At the end of one semester in college I collapsed in the bathroom due to exhaustion after being up for around 72 hour. I hit my head on the sink, then the toilet, then the ground. Went completely lights out for a split second then next thing I was aware of - a loud buzzing sound and looking up at 3 fat, blue, sentient alien toad shaman sort of beings standing over me looking disappointed or contemptuous or something. They gave each other a look that reminds me of like how humans roll their eyes. Then the one in the center took this rod/staff thing and shoved it in me and felt like an electric shock. I woke up to my girlfriend doing chest compressions. Never seen anyone so scared before. I’m not sure if I was “clinically dead” but she thought I had died.
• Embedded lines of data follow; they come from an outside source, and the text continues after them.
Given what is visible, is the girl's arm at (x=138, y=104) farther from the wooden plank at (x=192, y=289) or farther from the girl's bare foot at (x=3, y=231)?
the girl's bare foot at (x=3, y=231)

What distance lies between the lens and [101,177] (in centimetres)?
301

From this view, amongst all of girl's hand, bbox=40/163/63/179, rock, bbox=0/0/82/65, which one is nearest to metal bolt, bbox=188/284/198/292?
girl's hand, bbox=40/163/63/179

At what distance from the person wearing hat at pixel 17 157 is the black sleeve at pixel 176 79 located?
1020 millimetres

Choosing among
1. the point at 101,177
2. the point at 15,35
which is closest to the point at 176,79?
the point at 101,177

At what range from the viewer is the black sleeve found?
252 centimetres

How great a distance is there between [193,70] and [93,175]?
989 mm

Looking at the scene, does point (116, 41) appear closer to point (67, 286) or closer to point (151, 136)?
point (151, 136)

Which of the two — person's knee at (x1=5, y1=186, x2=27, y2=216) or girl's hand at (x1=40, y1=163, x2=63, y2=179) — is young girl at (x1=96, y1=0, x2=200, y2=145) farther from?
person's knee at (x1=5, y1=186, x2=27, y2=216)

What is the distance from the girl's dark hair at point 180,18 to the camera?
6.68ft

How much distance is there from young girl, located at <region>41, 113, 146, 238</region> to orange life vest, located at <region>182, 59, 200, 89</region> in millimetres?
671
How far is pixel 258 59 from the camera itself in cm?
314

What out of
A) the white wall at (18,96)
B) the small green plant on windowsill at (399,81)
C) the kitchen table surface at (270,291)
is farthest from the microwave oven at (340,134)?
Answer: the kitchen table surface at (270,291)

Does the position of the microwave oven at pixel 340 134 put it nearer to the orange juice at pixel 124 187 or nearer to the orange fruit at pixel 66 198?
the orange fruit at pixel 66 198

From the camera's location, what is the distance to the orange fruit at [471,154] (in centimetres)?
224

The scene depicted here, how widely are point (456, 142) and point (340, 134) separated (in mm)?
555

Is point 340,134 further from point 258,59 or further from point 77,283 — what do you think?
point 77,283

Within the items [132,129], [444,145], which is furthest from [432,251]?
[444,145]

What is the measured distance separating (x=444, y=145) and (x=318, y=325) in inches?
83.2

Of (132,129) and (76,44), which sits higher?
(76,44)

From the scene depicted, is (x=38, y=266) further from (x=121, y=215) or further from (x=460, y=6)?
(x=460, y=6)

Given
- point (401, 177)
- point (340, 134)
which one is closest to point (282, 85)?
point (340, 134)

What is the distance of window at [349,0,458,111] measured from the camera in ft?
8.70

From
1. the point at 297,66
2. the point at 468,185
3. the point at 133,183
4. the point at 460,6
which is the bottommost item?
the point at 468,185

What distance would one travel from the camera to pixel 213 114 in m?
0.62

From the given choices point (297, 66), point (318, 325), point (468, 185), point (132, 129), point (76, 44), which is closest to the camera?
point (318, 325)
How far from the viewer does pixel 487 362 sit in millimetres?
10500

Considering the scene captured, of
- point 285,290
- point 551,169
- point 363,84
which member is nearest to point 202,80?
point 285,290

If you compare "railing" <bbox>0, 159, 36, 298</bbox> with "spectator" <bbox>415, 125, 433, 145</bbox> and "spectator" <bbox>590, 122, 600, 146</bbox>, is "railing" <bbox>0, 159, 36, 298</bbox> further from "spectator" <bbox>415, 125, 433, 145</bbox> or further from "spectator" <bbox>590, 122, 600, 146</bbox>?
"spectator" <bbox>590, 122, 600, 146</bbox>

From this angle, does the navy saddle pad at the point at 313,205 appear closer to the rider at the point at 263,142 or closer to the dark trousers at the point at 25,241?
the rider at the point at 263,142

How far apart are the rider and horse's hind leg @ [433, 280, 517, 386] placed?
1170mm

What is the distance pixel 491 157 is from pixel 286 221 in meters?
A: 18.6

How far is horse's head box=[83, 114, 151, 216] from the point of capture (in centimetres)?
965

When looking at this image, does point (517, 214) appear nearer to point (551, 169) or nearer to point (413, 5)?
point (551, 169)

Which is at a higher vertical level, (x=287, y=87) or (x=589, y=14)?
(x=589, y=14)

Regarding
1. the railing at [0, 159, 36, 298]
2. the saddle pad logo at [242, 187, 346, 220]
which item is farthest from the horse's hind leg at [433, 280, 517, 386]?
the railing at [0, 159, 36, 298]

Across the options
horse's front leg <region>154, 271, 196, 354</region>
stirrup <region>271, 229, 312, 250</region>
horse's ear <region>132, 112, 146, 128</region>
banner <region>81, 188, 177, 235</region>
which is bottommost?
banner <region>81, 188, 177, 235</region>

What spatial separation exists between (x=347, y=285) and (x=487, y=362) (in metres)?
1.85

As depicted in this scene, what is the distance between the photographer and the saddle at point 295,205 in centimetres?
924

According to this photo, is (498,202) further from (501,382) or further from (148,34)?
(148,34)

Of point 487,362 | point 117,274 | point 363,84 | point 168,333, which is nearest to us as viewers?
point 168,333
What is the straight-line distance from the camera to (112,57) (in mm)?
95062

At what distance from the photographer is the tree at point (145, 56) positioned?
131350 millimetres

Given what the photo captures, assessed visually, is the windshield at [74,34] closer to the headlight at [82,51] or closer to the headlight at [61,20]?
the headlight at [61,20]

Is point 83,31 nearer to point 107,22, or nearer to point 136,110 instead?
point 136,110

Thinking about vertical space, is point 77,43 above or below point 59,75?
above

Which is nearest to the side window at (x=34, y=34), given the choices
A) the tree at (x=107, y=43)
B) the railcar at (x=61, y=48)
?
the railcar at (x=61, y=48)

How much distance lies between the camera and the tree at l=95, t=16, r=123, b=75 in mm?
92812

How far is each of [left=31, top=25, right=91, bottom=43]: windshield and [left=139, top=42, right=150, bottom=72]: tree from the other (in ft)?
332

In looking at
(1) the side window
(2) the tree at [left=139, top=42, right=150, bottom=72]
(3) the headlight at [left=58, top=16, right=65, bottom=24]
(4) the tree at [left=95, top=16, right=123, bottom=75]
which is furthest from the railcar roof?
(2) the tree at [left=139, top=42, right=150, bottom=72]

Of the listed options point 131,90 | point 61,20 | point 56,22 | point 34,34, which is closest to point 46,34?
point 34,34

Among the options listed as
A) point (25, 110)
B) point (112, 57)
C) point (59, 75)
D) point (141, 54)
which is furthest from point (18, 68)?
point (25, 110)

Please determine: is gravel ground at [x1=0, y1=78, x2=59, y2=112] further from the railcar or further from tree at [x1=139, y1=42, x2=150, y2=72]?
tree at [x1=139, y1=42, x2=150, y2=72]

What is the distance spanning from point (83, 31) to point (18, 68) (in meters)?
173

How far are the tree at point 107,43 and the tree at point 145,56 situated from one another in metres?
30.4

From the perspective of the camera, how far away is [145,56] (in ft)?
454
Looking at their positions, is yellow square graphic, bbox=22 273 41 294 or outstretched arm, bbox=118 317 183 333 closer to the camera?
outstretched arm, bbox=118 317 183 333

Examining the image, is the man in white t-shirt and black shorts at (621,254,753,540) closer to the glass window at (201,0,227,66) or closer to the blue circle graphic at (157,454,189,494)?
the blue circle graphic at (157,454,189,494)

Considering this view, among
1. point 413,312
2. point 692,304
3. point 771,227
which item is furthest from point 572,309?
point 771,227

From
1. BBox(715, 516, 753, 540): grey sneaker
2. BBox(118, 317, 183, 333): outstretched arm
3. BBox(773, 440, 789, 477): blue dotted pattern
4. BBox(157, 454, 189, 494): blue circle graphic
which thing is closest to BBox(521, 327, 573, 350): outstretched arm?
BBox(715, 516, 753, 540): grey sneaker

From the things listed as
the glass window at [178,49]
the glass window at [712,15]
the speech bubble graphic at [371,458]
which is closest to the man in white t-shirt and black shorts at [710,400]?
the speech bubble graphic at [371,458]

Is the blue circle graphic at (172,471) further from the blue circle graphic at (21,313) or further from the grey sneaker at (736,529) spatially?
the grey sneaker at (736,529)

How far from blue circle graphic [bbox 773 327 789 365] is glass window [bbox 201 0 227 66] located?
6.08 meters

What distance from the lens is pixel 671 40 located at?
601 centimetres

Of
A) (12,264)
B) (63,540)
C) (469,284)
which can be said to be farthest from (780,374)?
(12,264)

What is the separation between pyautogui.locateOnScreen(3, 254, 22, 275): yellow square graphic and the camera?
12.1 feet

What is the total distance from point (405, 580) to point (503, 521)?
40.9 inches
I believe I died and came back once. I don't remember anything. I bled so bad and was alone 13 hours. I lost consciousness. When my family found me I had already woke up. The EMT's said they had no idea how I lived. I had such blood loss. My daughter was with some friends. She was two. They said earlier that day she gazed up and pointed saying "there's mommy, go get her.
I remember no NDE. I think I wasn't supposed to remember.
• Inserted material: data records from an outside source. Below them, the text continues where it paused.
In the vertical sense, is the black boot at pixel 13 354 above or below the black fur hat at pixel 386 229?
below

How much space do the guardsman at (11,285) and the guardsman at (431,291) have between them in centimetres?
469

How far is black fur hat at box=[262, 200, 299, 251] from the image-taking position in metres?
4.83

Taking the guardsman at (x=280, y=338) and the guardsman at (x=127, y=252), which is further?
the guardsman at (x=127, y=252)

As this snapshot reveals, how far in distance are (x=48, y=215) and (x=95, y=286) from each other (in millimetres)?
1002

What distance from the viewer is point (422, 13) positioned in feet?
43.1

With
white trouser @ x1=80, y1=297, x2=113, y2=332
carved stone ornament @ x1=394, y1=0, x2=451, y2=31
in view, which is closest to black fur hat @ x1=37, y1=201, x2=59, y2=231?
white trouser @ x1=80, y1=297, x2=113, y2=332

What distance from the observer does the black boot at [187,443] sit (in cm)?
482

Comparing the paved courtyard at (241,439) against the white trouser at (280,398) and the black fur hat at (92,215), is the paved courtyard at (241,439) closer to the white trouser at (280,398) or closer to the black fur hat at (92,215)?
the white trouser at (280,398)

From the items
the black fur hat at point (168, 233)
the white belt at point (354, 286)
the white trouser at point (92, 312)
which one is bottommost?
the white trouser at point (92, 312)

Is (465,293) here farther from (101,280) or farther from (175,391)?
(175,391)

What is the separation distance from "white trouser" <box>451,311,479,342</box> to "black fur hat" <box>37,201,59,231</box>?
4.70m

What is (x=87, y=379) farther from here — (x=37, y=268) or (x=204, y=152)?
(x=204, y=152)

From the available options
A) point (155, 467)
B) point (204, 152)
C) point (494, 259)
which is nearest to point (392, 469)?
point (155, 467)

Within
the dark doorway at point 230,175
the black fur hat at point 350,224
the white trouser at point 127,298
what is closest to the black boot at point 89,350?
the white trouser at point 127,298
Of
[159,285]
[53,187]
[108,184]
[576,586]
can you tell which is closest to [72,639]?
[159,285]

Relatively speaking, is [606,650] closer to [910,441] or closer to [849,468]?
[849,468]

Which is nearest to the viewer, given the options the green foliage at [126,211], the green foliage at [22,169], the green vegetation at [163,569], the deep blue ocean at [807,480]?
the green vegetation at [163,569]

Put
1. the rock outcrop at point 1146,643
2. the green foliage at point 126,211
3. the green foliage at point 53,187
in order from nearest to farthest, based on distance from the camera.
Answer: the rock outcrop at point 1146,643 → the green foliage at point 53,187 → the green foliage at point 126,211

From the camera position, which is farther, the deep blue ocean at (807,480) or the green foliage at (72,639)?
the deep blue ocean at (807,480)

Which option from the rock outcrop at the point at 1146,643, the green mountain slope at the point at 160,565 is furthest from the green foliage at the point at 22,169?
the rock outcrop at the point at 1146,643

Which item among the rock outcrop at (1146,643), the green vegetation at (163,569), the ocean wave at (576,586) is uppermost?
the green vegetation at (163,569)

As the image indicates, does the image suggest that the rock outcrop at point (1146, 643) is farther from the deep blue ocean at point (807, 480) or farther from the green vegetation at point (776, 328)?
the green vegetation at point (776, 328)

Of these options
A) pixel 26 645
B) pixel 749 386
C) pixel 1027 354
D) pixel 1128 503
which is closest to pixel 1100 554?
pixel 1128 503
I lost my Dad to taking his own life in 2021 after he battled a few years of terminal illness and I often wonder how he would have felt and if he was at peace. Reading these stories being me great comfort, thank you for sharing.
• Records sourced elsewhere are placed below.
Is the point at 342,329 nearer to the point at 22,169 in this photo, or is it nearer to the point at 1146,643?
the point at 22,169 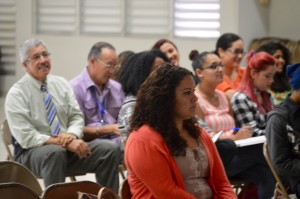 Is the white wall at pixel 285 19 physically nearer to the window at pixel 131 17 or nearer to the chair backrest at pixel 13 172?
the window at pixel 131 17

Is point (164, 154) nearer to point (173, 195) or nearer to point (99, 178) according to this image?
point (173, 195)

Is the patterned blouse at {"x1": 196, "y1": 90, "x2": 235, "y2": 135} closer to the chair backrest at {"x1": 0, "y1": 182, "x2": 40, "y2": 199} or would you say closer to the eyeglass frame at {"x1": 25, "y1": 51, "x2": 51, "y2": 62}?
the eyeglass frame at {"x1": 25, "y1": 51, "x2": 51, "y2": 62}

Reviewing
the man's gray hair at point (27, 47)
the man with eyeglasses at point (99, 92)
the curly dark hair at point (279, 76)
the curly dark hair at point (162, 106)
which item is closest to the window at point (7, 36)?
the curly dark hair at point (279, 76)

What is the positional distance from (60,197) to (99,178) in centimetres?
178

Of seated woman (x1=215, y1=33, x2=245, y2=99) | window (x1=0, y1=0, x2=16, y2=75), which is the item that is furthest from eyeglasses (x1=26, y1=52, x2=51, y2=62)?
window (x1=0, y1=0, x2=16, y2=75)

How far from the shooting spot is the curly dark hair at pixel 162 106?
11.9 ft

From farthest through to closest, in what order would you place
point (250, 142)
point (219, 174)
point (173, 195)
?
point (250, 142) → point (219, 174) → point (173, 195)

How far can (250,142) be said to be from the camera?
16.6 ft

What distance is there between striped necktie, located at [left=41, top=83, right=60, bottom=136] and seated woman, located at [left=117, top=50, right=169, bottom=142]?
0.46 m

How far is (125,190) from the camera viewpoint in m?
3.71

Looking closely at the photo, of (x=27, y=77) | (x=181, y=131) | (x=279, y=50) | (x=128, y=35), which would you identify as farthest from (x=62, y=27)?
(x=181, y=131)

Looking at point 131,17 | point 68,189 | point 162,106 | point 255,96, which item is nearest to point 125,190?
point 68,189

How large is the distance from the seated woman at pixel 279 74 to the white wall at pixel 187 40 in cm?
268

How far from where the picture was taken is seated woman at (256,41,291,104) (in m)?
6.87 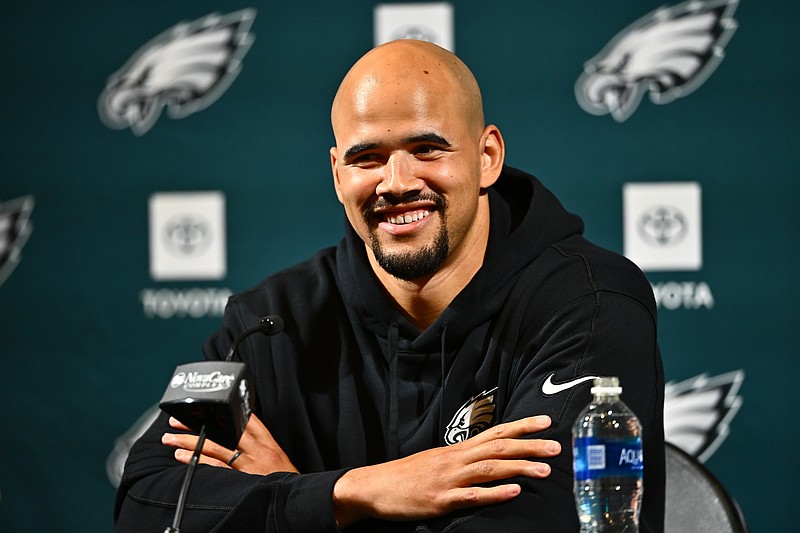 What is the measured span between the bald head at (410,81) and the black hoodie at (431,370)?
0.30 metres

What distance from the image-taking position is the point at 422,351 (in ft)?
7.54

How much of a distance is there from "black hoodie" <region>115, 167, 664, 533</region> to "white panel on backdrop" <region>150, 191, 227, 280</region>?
49.1 inches

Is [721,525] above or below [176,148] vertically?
below

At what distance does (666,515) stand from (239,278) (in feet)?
6.44

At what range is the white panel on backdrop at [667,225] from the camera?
11.5 feet

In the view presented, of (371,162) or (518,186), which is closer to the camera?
(371,162)

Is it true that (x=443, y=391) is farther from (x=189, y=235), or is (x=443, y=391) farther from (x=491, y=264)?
(x=189, y=235)

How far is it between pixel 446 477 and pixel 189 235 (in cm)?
215

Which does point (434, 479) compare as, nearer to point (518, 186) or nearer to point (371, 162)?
point (371, 162)

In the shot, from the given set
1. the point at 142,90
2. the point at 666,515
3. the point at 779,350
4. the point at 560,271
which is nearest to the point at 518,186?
the point at 560,271

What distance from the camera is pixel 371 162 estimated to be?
221cm

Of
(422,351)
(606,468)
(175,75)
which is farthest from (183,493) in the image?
(175,75)

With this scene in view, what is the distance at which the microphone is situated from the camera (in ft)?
5.36

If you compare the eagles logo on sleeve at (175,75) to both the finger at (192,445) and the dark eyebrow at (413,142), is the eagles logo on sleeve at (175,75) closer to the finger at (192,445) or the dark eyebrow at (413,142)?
the dark eyebrow at (413,142)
A couple of months after he passed I had a vivid dream where I was driving and he came to see me to tell me he was doing okay, afterwards I dropped him off back into a dark void.
I also have a particular smell that comes up every now again that I associate with my godmother who passed away when I was younger. That smell was present at my Dad’s memorial. Little things like that, and the dreams, definitely make me believe that our loved ones who have passed are around us in some form.
Not me, but someone I know as a kid was gone for a bit during surgery. He said he saw a car driving outside carrying a coffin with signs that it was some high-profile politician (who was actually alive at the moment). He came to, told his parents and the doctors, but no one believed him. 2 weeks later, that poltician died and was carried in the same car he saw on the same street (just outside the hospital). So, I guess he saw the future while briefly dead?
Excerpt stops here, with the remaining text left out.